多数派の意見を一変させる方法2つ―「ホランダーの方略」と「モスコビッチの方略」

多数派の意見は正しいこともあれば、間違っていることもあります。一番危険を感じやすいのは絶対に間違っていることなのに、「なんとなく」の空気で全体が流れやすくなっている時ではないでしょうか。こんな時、少数派の意見で多数派をくつがえす方法はないものでしょうか?
多数派の意見を変えてしまう「マイノリティ・インフルエンス」って?
「マイノリティ・インフルエンス」という心理学用語をご存じでしょうか。これは少数派の意見が多数派を占めるようになることをあらわす言葉で、2つの方略を使えば「マイノリティ・インフルエンス」が起こりやすいと言われています。

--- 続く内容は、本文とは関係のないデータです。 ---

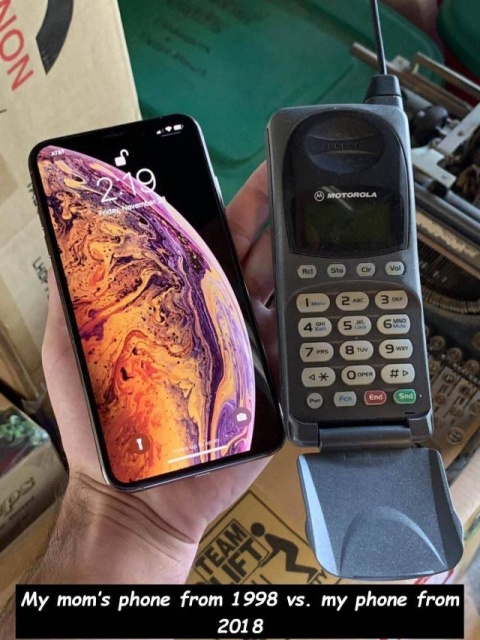 1998 vs 2018 - Motorola Gondo HO006 0000 My mom's phone from 1998 vs. my phone from 2018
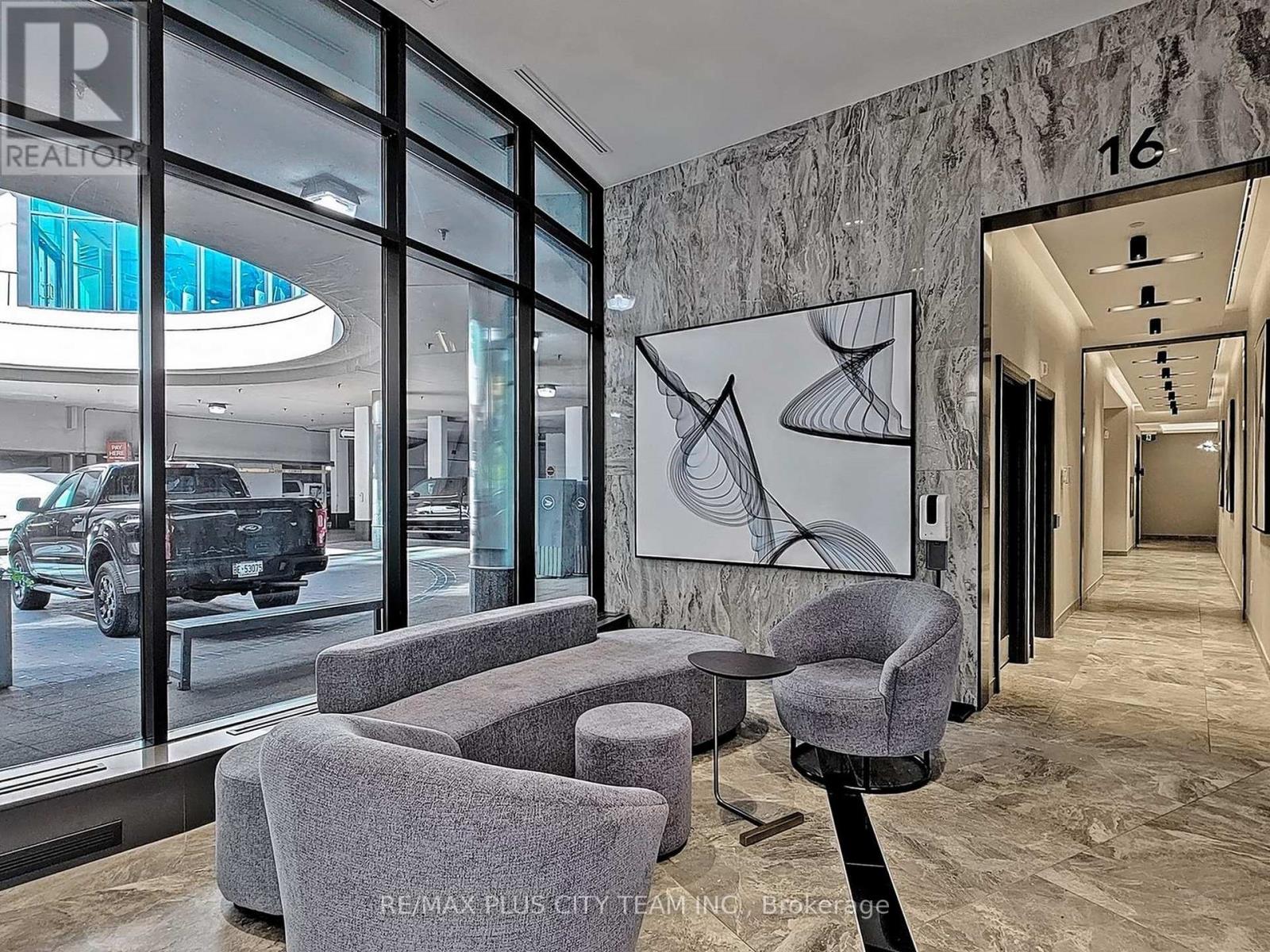 502 - 16 YONGE STREET, Toronto (Waterfront Communities), Ontario, M5E2A1 — Photo 4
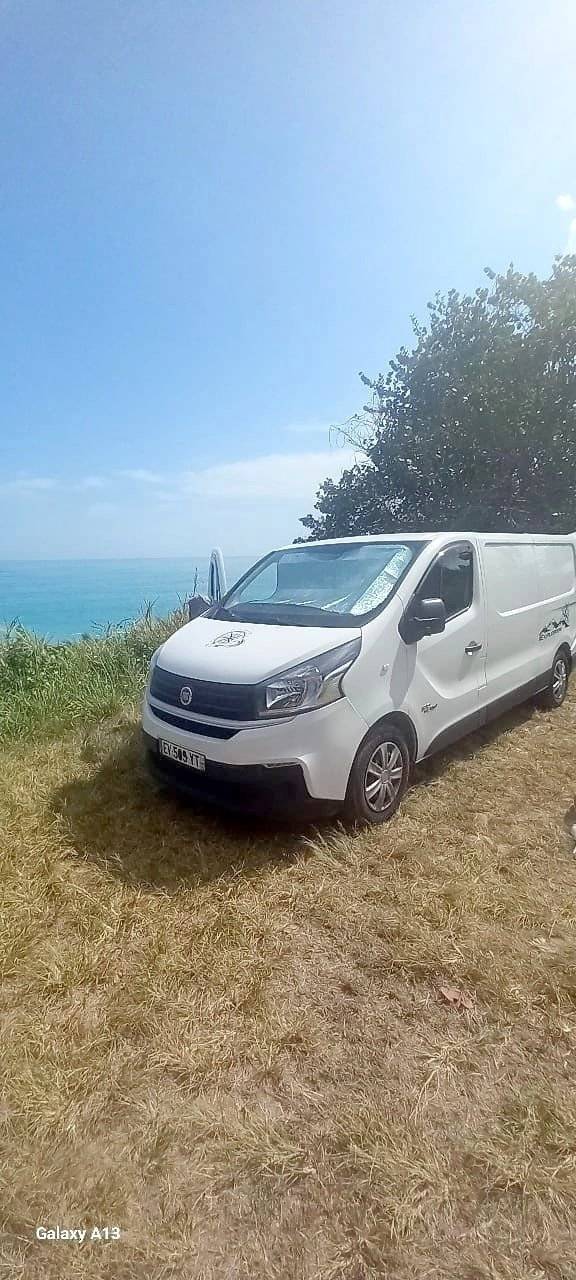 Voorkant 3/4 Fiat Talento 1,6 l 120 ch - Yescapa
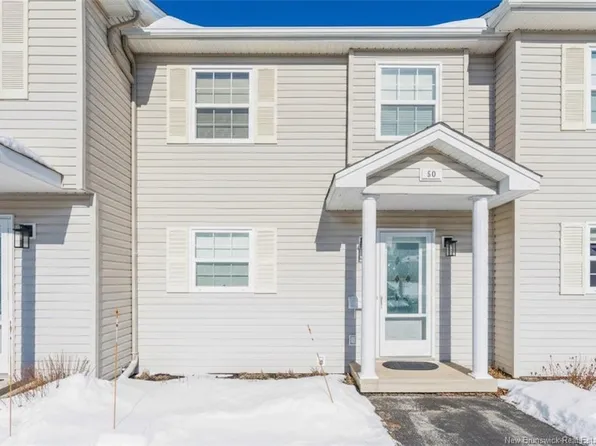 50 Firmin Cres, Dieppe, NB E1A 7T1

その方略が「ホランダーの方略」と「モスコビッチの方略」です。
「ホランダーの方略」は、少数派の中にいる、信頼に足りるリーダーによって「あの人が言っているんだから、確かかもしれない」と、多数派の意見を切り崩していく方法です。「モスコビッチの方略」は、少数派が一貫して強い主張を持ち続けることで、多数派に「もしかすると、自分が間違っているかもしれない」と思わせ、多数派を切り崩していく方法です。
つまり多数派の意見を一変させるには、強いリーダーもしくは強くて一貫性のある主張が大事だということなのです。
主張は曲げずに一貫させよう、もしくは強いリーダーを見つけよう
今、自分が少数派で、多数派の意見をどうにか切り崩したいと思っているなら、主張を曲げずに一貫した言動をとり続けるか、強いリーダーを見つけるのが効果的です。主張を曲げずに一貫した言動をとるのは、むずかしいものですが、もし自分が多数派になった時に、「あの人が言っていることはおかしい」と指摘されるのは、今度は自分です。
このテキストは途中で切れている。